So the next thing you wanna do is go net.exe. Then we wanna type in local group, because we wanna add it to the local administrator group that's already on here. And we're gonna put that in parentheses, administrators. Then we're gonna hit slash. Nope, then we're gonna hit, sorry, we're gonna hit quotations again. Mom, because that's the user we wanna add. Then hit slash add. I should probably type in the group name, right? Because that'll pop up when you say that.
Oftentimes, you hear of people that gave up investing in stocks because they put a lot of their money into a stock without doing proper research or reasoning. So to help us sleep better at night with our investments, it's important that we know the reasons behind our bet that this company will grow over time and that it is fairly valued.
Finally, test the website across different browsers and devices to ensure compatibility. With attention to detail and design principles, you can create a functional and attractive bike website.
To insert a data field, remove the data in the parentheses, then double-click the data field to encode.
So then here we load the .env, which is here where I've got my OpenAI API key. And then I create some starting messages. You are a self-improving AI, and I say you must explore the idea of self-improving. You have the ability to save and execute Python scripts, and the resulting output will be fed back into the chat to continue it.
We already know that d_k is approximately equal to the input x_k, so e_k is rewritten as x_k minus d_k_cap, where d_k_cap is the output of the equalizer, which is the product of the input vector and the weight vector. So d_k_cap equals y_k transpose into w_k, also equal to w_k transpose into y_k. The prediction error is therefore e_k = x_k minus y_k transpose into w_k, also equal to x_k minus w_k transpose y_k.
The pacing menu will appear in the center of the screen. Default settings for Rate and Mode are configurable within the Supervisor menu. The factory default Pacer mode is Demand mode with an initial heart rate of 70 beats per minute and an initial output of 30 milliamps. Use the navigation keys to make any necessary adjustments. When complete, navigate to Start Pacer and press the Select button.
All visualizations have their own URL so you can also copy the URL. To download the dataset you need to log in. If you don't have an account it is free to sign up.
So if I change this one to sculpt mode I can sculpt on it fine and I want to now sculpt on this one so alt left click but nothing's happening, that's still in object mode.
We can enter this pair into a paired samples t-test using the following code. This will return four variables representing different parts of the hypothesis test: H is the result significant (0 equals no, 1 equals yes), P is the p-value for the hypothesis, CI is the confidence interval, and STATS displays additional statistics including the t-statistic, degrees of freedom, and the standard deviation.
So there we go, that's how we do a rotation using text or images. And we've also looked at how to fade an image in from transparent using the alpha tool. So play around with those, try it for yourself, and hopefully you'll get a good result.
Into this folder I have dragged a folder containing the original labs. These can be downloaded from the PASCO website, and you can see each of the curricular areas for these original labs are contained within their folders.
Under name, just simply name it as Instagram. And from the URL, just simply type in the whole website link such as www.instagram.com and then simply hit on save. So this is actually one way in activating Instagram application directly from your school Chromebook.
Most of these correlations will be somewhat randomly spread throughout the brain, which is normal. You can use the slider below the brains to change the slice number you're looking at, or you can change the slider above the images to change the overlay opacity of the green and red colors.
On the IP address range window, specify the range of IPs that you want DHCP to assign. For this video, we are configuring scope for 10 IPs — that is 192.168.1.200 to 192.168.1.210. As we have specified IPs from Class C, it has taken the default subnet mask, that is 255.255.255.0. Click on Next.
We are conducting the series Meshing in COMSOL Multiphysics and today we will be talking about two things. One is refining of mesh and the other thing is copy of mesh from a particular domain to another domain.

> [Work instructions] Output only an exact transcription of the lines above from the one with "The pacing menu" up to and including the one with "Into this folder".

> [Task answer]
The pacing menu will appear in the center of the screen. Default settings for Rate and Mode are configurable within the Supervisor menu. The factory default Pacer mode is Demand mode with an initial heart rate of 70 beats per minute and an initial output of 30 milliamps. Use the navigation keys to make any necessary adjustments. When complete, navigate to Start Pacer and press the Select button.
All visualizations have their own URL so you can also copy the URL. To download the dataset you need to log in. If you don't have an account it is free to sign up.
So if I change this one to sculpt mode I can sculpt on it fine and I want to now sculpt on this one so alt left click but nothing's happening, that's still in object mode.
We can enter this pair into a paired samples t-test using the following code. This will return four variables representing different parts of the hypothesis test: H is the result significant (0 equals no, 1 equals yes), P is the p-value for the hypothesis, CI is the confidence interval, and STATS displays additional statistics including the t-statistic, degrees of freedom, and the standard deviation.
So there we go, that's how we do a rotation using text or images. And we've also looked at how to fade an image in from transparent using the alpha tool. So play around with those, try it for yourself, and hopefully you'll get a good result.
Into this folder I have dragged a folder containing the original labs. These can be downloaded from the PASCO website, and you can see each of the curricular areas for these original labs are contained within their folders.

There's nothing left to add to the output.